Nestling in the heart of the Trégor region, the church of Notre-Dame de Bringolo boasts elegant 17th-century Breton architecture, with its lantern tower and exceptionally fine sculpted decoration. A discreet jewel listed as a Historic Monument.
Nestling among the hedged farmland of the Trégor region of Brittany, the village of Bringolo is home to an architectural treasure that is all too often overlooked on the main tourist routes: Notre-Dame church, sober and solemn, whose grey granite stones tell the story of four centuries of religious and village history. Listed as a Historic Monument since 1927, it is an elegant example of the way in which inland Brittany was able to combine popular fervour with traditional craftsmanship in the construction of its places of worship. What sets Notre-Dame de Bringolo apart from many of Brittany's rural churches is the harmony of its buildings, characteristic of the 17th century: a period of widespread reconstruction and embellishment of parishes, driven by the Catholic Counter-Reformation and the demographic boom in the Armorican countryside. The bell tower, a unifying feature of the village landscape, rises up in a square silhouette before tapering towards a lantern, whose sobriety contrasts with the rich ornamentation of the door surrounds and statue niches.

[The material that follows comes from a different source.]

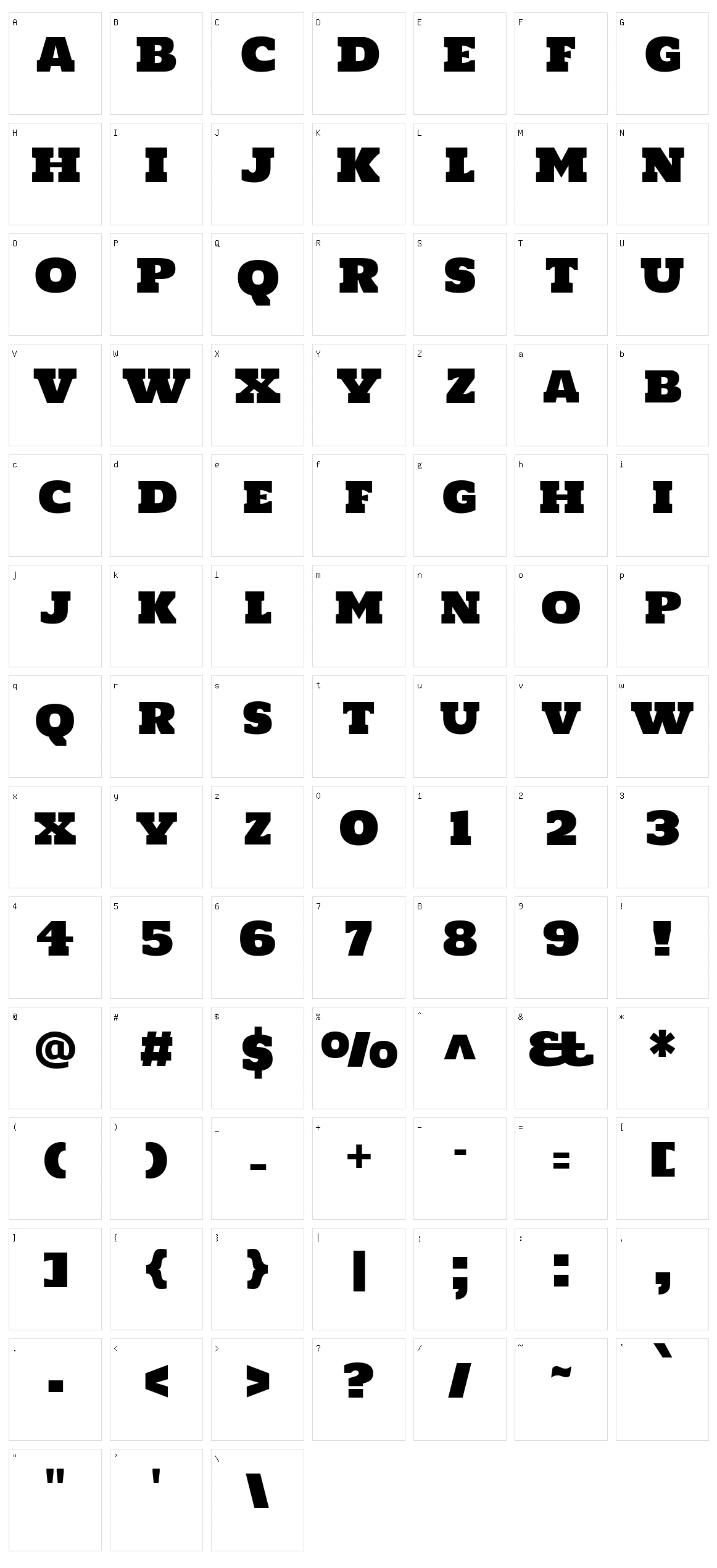 Holtwood one sc Character Set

The interior is full of surprises for the attentive visitor: period liturgical furnishings, a granite baptismal font and some polychrome statuary testifying to the Marian piety deeply rooted in the parish community. The light, filtered through sober stained-glass windows, bathes the nave in a contemplative atmosphere. The rural setting enhances the experience: the cemetery surrounding the building, with its mossy stone crosses and steles carved in Breton, is itself a precious document of the collective memory of a village whose history spans several centuries. Photographers and lovers of rural heritage will find plenty of material here for beautiful compositions, especially in the golden light of late afternoon.
The church of Notre-Dame de Bringolo is in the so-called "classical Breton" style of the 17th century, combining influences from the late Renaissance with a local tradition deeply attached to the robustness of granite and the sobriety of its volumes. The plan is that of a church with a single nave or a central nave with reduced side aisles, typical of a rural parish of modest size, with a projecting chancel to the east and a lean-to sacristy. Externally, the bell tower is the most striking feature of the silhouette: built of carefully dressed granite, it has a massive square base topped by a lantern spire, typical of 17th-century religious architecture in Trégor. The portals, framed by semi-circular or slightly pointed arch mouldings, bear witness to the particular care given to the building's entrances, with niches designed to house statues of patron saints. Glazed buttresses ensure the stability of the grey granite gutter walls. Inside, the oak framework supports a slate roof, the almost exclusive material used for ecclesiastical roofs in Brittany. The monolithic granite baptismal font, the old paving and a few polychrome statuary elements in tufa limestone or kersanton - the black stone characteristic of Breton sculpture - complete an interior décor whose sobriety does not exclude a real artistic quality.
Eglise Notre-Dame is located in Bringolo, Département 22 department, Bretagne region, France.
Eglise Notre-Dame dates back to a period built during the Renaissance (16th century).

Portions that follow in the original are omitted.